*Information shown*
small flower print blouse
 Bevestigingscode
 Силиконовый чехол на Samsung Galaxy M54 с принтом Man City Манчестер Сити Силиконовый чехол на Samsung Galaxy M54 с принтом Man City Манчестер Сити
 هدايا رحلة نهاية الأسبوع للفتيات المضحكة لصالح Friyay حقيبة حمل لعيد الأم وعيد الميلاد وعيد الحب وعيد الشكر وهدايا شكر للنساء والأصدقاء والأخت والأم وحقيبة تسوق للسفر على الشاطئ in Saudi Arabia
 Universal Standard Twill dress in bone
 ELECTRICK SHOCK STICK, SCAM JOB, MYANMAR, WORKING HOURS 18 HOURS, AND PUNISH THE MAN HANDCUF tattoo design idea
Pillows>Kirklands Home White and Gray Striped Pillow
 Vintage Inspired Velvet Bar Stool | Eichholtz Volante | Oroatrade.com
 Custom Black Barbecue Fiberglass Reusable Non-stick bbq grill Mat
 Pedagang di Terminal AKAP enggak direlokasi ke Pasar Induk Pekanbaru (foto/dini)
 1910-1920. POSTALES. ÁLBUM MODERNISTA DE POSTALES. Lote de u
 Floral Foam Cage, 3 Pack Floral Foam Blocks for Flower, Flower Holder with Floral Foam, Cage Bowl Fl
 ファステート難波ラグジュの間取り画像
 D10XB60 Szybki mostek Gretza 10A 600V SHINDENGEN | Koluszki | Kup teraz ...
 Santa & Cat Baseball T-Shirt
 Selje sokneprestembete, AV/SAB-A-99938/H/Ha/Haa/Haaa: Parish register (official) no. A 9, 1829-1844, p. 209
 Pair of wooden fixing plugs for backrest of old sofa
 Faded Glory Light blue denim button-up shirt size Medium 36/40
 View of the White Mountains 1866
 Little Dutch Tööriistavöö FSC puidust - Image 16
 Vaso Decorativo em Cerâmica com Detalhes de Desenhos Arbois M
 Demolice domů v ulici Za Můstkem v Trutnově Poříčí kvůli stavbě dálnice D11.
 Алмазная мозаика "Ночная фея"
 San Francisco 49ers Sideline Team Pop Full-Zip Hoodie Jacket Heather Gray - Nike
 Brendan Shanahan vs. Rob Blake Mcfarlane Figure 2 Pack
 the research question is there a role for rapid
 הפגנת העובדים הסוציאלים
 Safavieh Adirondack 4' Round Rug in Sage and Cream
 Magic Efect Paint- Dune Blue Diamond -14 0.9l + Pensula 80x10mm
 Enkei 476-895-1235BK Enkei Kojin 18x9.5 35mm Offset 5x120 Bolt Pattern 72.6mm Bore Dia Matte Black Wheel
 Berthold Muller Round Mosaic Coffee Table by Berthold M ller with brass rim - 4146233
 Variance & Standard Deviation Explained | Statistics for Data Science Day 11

*Work required*
Starting with the line that holds "Brendan Shanahan vs.", copy each remaining line of the listing above exactly, through the last one.

*Output below*
 Brendan Shanahan vs. Rob Blake Mcfarlane Figure 2 Pack
 the research question is there a role for rapid
 הפגנת העובדים הסוציאלים
 Safavieh Adirondack 4' Round Rug in Sage and Cream
 Magic Efect Paint- Dune Blue Diamond -14 0.9l + Pensula 80x10mm
 Enkei 476-895-1235BK Enkei Kojin 18x9.5 35mm Offset 5x120 Bolt Pattern 72.6mm Bore Dia Matte Black Wheel
 Berthold Muller Round Mosaic Coffee Table by Berthold M ller with brass rim - 4146233
 Variance & Standard Deviation Explained | Statistics for Data Science Day 11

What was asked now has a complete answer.